Ministro do Meio Ambiente do Brasil, Ricardo Salles, renuncia em meio a investigação sobre extração ilegal

SÃO PAULO – O ministro do Meio Ambiente do Brasil, Ricardo Salles, renunciou na quarta-feira, semanas depois que a polícia federal o atacou como parte de uma investigação sobre a suposta extração ilegal de madeira na floresta amazônica.

Salles, amplamente criticado por ativistas ambientais pelo aumento do desmatamento sob sua supervisão, será substituído por Joaquim Álvaro Pereira Leite. Ex-funcionário do Ministério do Meio Ambiente encarregado de monitorar a Amazônia, Leite tem laços anteriores com o poderoso lobby agrícola do Brasil.

O ministro cessante liderou os esforços recentes do Brasil para tentar persuadir os Estados Unidos a pagar ao país sul-americano US $ 1 bilhão para financiar o desenvolvimento sustentável da região em troca de uma redução drástica no desmatamento.

Esses planos foram arruinados no mês passado, quando a polícia federal invadiu propriedades ligadas a Salles como parte de uma ampla investigação sobre a suposta extração ilegal de árvores para exportação. A Suprema Corte no início deste mês deu sua aprovação às autoridades para abrir uma investigação criminal contra o então ministro. Salles disse publicamente que as acusações contra ele são infundadas.

“Nem um pouco cedo!” Marina Silva, ex-candidata à presidência e ativista ambientalista, disse sobre a renúncia de Salles. “A saída de Ricardo Salles é uma vitória da sociedade”, disse ele em sua conta no Twitter. Ela também pediu que Salles enfrentasse punição pelo que ela considera sua má gestão da Amazônia sob o presidente Jair Bolsonaro.

Cerca de 224 milhas quadradas de árvores na maior floresta tropical do mundo foram perdidas em abril, o nível mais alto naquele mês desde que o Inpe, agência de pesquisas espaciais do Brasil, criou a plataforma Terra Brasilis em 2015 para rastrear os dados.

No entanto, ativistas ambientais expressaram preocupação de que a nomeação de Leite faria pouco para mudar a direção do governo Bolsonaro, um aliado ferrenho dos interesses agrícolas. Fazendeiros e produtores de soja que operam ilegalmente são culpados por grande parte do desmatamento na Amazônia.

Antes de ingressar no ministério como secretário do Serviço da Amazônia e Meio Ambiente, Leite era conhecido como um dos mais antigos assessores da Sociedade Rural Brasileira, um grupo secular que defende os agricultores.

Desde que Bolsonaro assumiu o cargo em janeiro de 2019, seu governo tem sido criticado por governos e ativistas europeus por seu apoio vocal ao desenvolvimento na Amazônia e às políticas que cortam o financiamento para a proteção ambiental.

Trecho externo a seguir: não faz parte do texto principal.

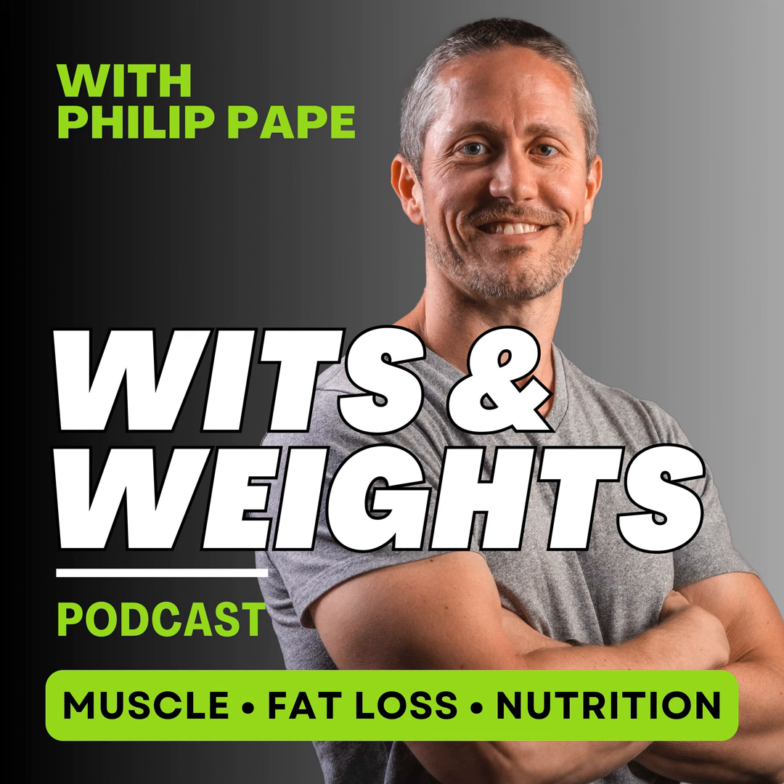Welcome to the Wits and Weights podcast. I'm your host Philip Pape, and this twice-a-week podcast is dedicated to helping you achieve physical self-mastery by getting stronger, optimizing your nutrition, and upgrading your body composition. We'll uncover science-backed strategies for movement, metabolism, muscle, and mindset with a skeptical eye on the fitness industry so you can look and feel your absolute best. Let's dive right in.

Como rosto do governo para o meio ambiente, Salles foi o pára-raios dessas críticas. Salles disse a repórteres na quarta-feira que entregou sua renúncia a Bolsonaro para que o país pudesse conduzir as negociações ambientais no cenário internacional da “maneira mais serena possível”.

Cerca de 160 policiais foram enviados a Brasília, São Paulo e ao estado amazônico do Pará no mês passado para cumprir 35 mandados de busca e apreensão. O Supremo Tribunal Federal autorizou a operação após receber informações sobre um “plano sério para facilitar o contrabando de produtos florestais”.

O órgão ambiental do Pará informou que encontrou sete embarques de madeira, cinco para os Estados Unidos, um para a Dinamarca e um para a Bélgica, sem a devida autorização do estado.

Na terça-feira, Bolsonaro reiterou seu apoio a Salles, um de seus aliados ideológicos mais próximos. O presidente parabenizou-o pela perseverança, falando durante cerimônia para anunciar o apoio financeiro aos agricultores.

“Seu trabalho não é fácil”, disse Bolsonaro. “O casamento entre a agricultura e o meio ambiente foi quase perfeito”.